Ein Beitrag von Susanne Kammermeier

„Ich will keinen Mittagsschlaf mehr machen!“
~ Lisa, 5 Jahre

Mein Nichte Lisa ist 5 Jahre alt und im Kindergarten. Dort muss sie sich jeden Mittag mit den anderen kleinen Kindern für 30 Minuten hinlegen und ausruhen. Als ich das letzte Mal mit meiner kleinen Nichte über Skype telefonierte, berichtete sie mir sofort von ihrem großen Unglück. Sie werde jeden Tag „gezwungen“ einen Mittagsschlaf zu machen, obwohl sie das gar nicht will und auch nicht müde ist. An dieser Stelle war guter Rat teuer, noch dazu da auch ihr Vater in der Skypekonferenz anwesend war und die Ansicht vertrat, dass man sich nun einmal an Regeln halten muss – und zwar jeder, ohne Ausnahme, ob man das wolle oder nicht.

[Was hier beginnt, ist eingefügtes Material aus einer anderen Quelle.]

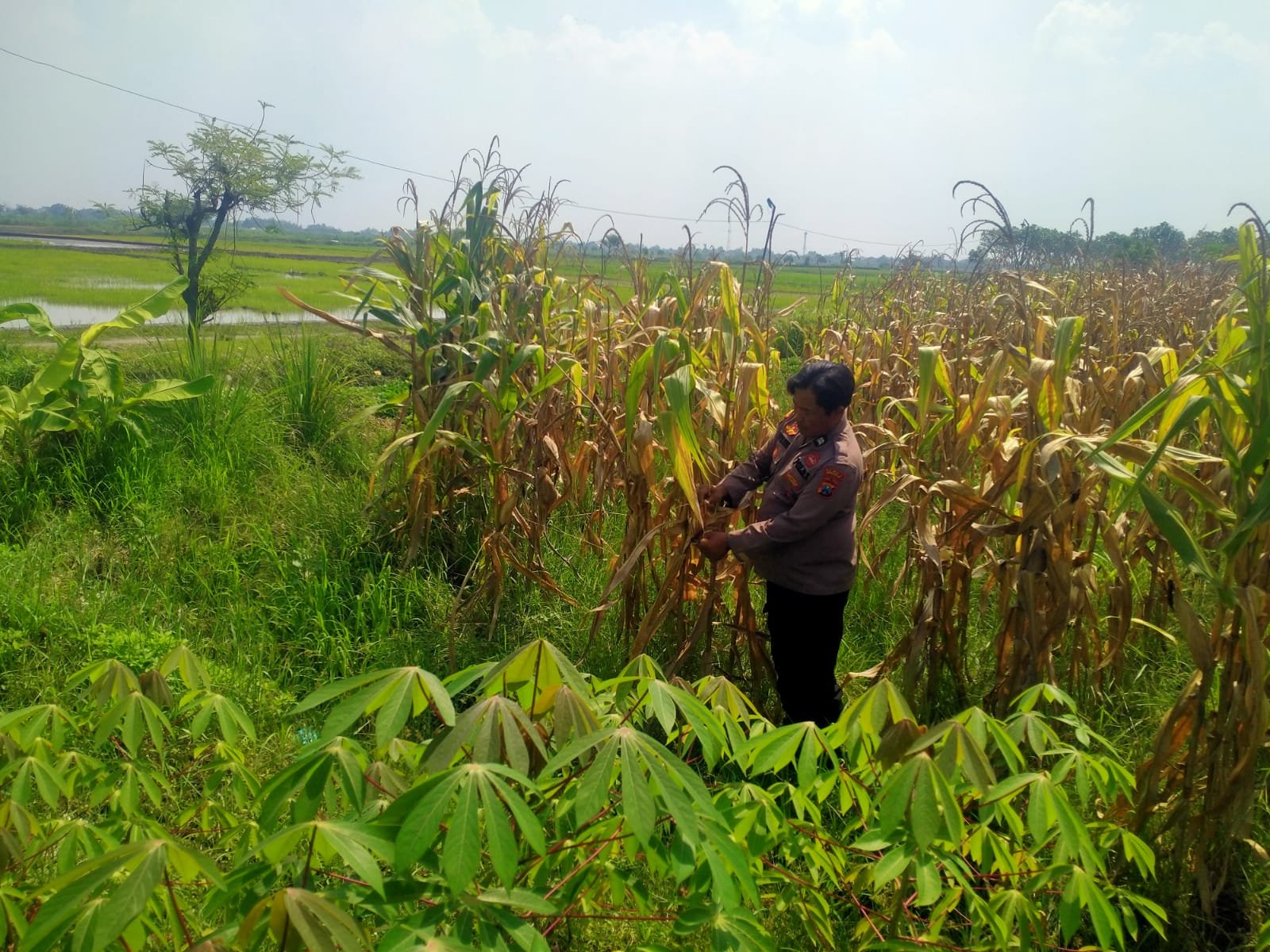 Polsek Prambon Dampingi Petani, Pastikan Tanaman Jagung Siap Dongkrak Swasembada Pangan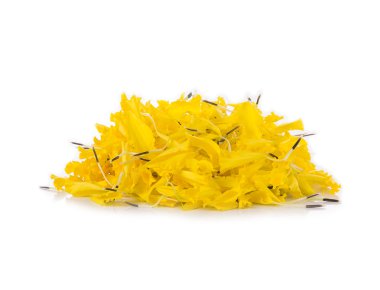 Beyaz arkaplanda kadife çiçeği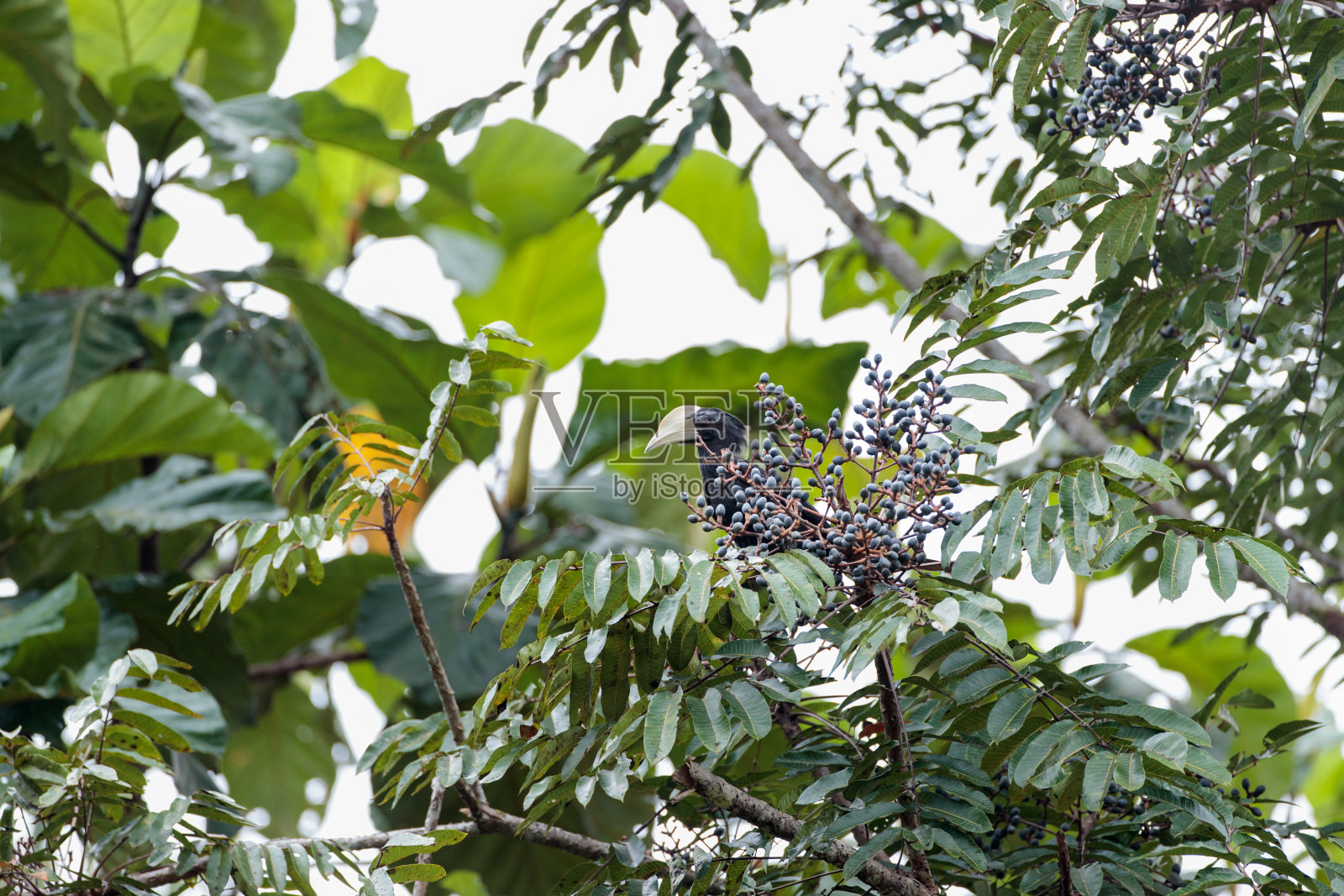 犀鸟:成年雄性黑犀鸟(马来角犀鸟)。照片摄影图片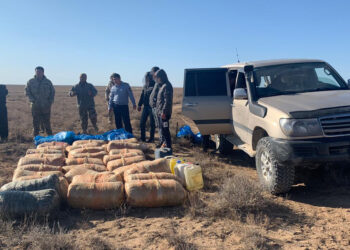Түркістан полицейлері есірткінің ірі партиясын тасымалдаушылардың жолын кесті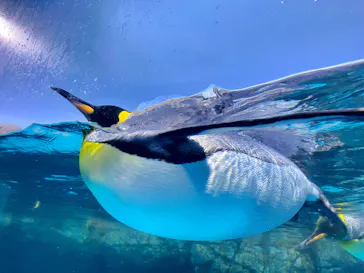 横浜・八景島シーパラダイスに投稿された画像（2021/10/23）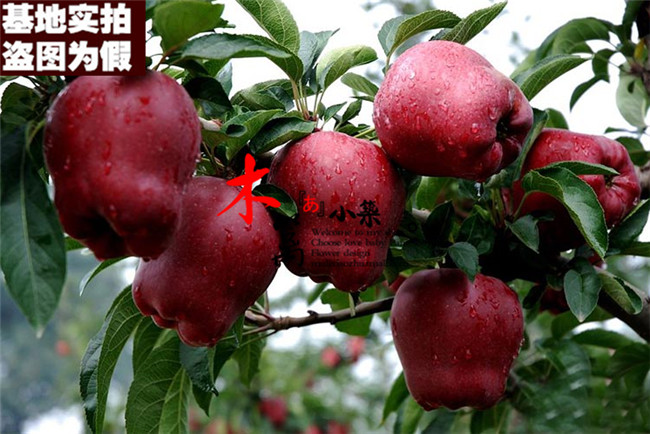 【蛇果15】盆栽/地栽柱状苹果 嫁接苗苹果  当年结苗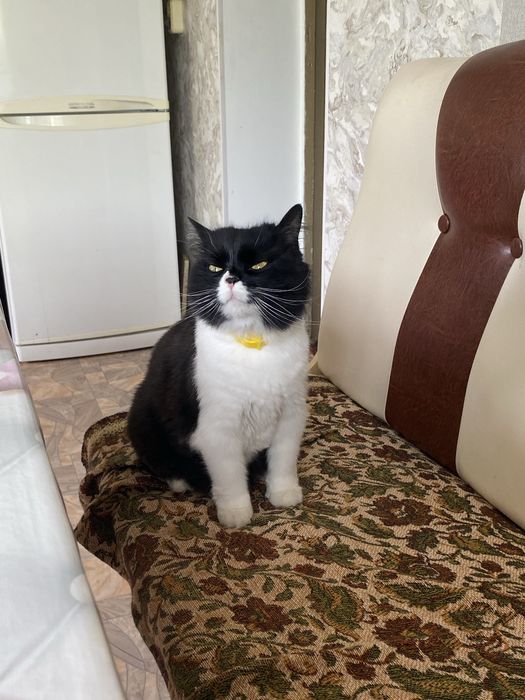 Pet sitting și cazare temporară pentru câini și pisici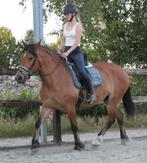 Prachtig super brave merrie geschikt voor beginner, Dieren en Toebehoren, Pony's, B, Recreatiepony, Merrie, E pony (1.48m - 1.57m)
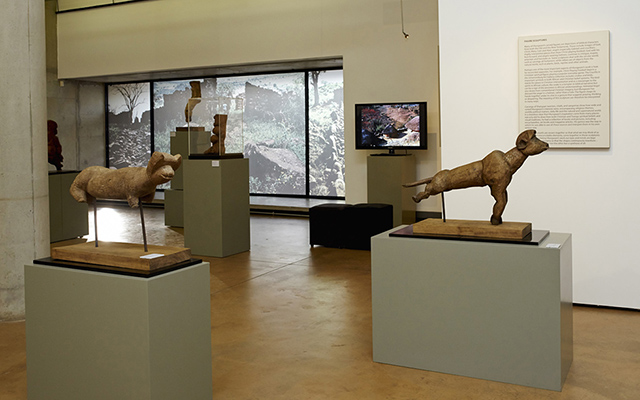 Installation view of A New Jerusalem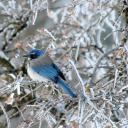 thecrowofsnow avatar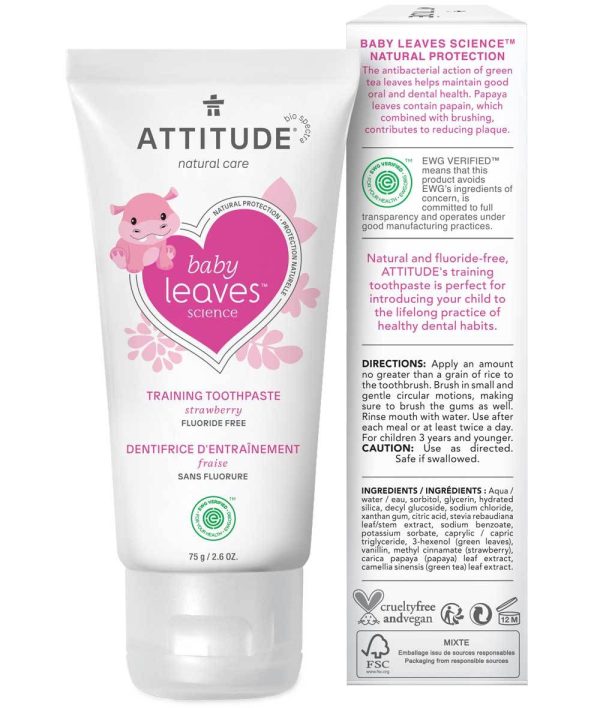 Fluoride Free Training Toothpaste - Strawberry Supply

In der Gewaltfreien Kommunikation betrachten wir die Bedürfnisse aller als gleich wichtig – egal ob 5 Jahre oder 50.

Die Bedürfnisse von Lisa waren schnell klar. Sie wollte lieber Spaß und Spiel mit ihren Freundinnen als sich durch 30 Minuten Langeweile zu quälen. Auch die Bedürfnisse der Erzieherinnen konnte Lisa klar benennen: „Die brauchen nämlich auch mal Ruhe und wollen sich unterhalten.

Lisas Vater war es wichtig, dass sein Töchterchen lernte Regeln zu akzeptieren und damit „gesellschaftstauglich“ für das spätere Leben zu werden.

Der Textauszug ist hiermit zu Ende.